A SPUR TO GET ACTIVE
Working Out Sucks! (And Why It Doesn’t Have To): The Only 21-Day Kick-Start Plan for Total Health and Fitness You’ll Ever Need is an audacious approach to the challenges that keep people from getting fit. “Working out is a chore that ranks somewhere behind window washing, gutter cleaning and dog poop scooping,” writes author Chuck Runyon, CEO of Anytime Fitness, a chain of 1,600 health clubs across America. Aided by colleagues Brian Zehetner, a registered dietitian, and Rebecca A. DeRossett, executive coach and owner of Stillwater Psychological Associates, Runyon lays out the connection between good health and exercise, and the reasons the average person should develop fitness goals. Less a workout book and more an entertaining, kick-in-the-backside companion, Runyon “deprograms” fitness “brainwashing” of bad information, destructive attitudes and habits. His good-natured rants are followed by a section on changing defeatist attitudes, plus a 21-day kick-start plan including daily meal and workout suggestions. “While vanity may provide the initial motivation,” Runyon writes, “it’s the internal reward—the regular dose of accomplishment and pride—that turns regular people into fitness addicts.”

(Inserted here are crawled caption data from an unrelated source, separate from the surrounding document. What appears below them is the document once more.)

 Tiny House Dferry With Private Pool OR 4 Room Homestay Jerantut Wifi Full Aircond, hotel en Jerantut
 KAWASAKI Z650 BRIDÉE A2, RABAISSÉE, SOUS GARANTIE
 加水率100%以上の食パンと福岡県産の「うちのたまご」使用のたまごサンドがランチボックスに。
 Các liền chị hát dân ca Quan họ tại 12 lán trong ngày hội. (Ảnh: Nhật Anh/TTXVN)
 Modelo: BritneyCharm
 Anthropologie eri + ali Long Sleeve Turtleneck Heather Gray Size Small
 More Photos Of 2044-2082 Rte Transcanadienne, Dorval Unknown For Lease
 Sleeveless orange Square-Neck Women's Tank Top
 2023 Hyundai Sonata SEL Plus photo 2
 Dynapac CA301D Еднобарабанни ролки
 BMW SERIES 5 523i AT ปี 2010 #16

The Physique 57® Solution isn’t for sissies, but the subtitle does promise “A Groundbreaking 2-Week Plan for a Lean, Beautiful Body.” Authors and dancers Tanya Becker and Jennifer Maanavi were devotees of the Lotte Berk Method, a strengthening and stretching technique created by Russian ballerina Lotte Berk. After her studio closed, the pair adapted her methods as Physique 57®, a combination of interval training, isometric exercises and orthopedic stretches that aims to lengthen and sculpt muscles for a lean body. Aimed at women with a promise to help them “lose up to 10 inches fast,” the regimen uses a process called “Interval Overload” to bring muscles to the point of fatigue—“where it starts to burn and shake”—to provide “the greatest possible stimulus” for greater results with fewer reps. The book’s 57-minute workouts are illustrated with black and white photographs, and the exercises are followed by a “kitchen diva” section with nutrition tips and recipes for a “macro-nutrient-rich approach to weight loss.” Those familiar with Pilates and other dancer-inspired workouts won’t shy away from this challenging path to an enviable body.